Cependant, il existe des mesures simples et basiques qui peuvent aider à gérer la chaleur. Au Pakistan, le fabricant de denim Artistic Milliners a installé des points de refroidissement climatisés où les travailleurs peuvent faire des pauses. Une poignée d’usines au Cambodge ont négocié des mesures de stress thermique avec les syndicats locaux, acceptant d’allumer les systèmes de refroidissement si les températures dépassent un certain niveau. De nombreuses nouvelles usines sont conçues pour mieux gérer la chaleur en favorisant la ventilation et le refroidissement naturel.
Mais plus largement, l’industrie doit commencer à prendre le problème plus au sérieux. À moins qu’elle ne prenne des mesures pour s’adapter au climat changeant, des températures en hausse et des inondations dans seulement quelques pays manufacturiers pourraient réduire les revenus des exportations du secteur de l’habillement de 65 milliards de dollars d’ici 2030, empêcher la création d’un million d’emplois et réduire considérablement les bénéfices opérationnels des marques exposées, selon une analyse du Global Labor Institute de l’Université Cornell et de la société d’investissement Schroders l’année dernière.

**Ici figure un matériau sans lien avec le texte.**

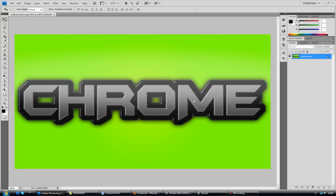Now today is kind of a spin-off tutorial, a tutorial that I created a couple of days ago, which is how to create some outlined text.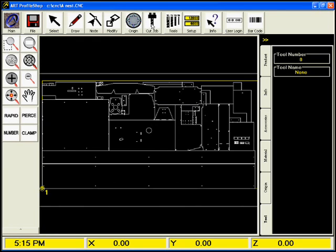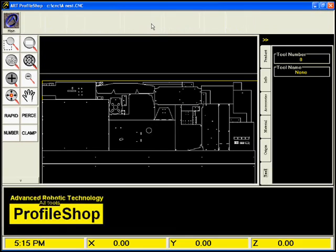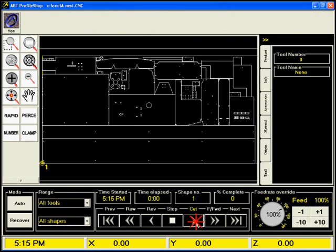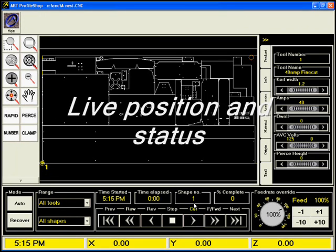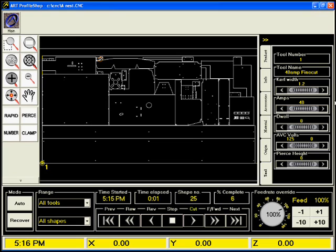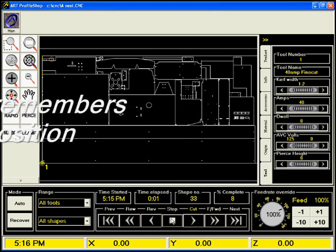This button enables the cut screen. Starting a job is as simple as clicking on the Go button. The software displays the current shape, the tool parameters, and also shows the progress with this red marker. Pausing a job is as simple as pressing the Stop button.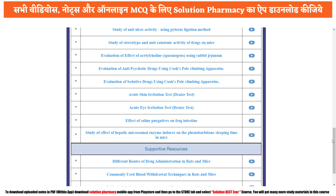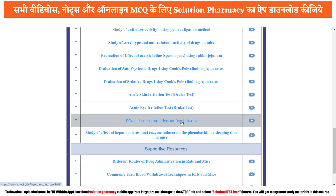Hello friend, welcome to the channel. You are watching xform exclusive video series on Solution Pharmacy YouTube channel. In today's video we are going to demonstrate the effect of saline purgative on frog intestine. We are going to perform this experiment with the help of xform software, which is an excellent alternative for in vivo or in vitro experiments because we do not require any kind of animal.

« Nous avons fait beaucoup de travail pour essayer d’atténuer le changement climatique, mais il nous rattrape dans notre partie du monde », a déclaré Nemanthie Kooragamage, directeur du groupe pour les entreprises durables chez le géant manufacturier sri-lankais MAS. « L’adaptation au climat est aussi importante que l’atténuation du climat maintenant, [mais] je n’ai jamais eu de conversation sur l’adaptation au climat [avec l’industrie au sens large]. »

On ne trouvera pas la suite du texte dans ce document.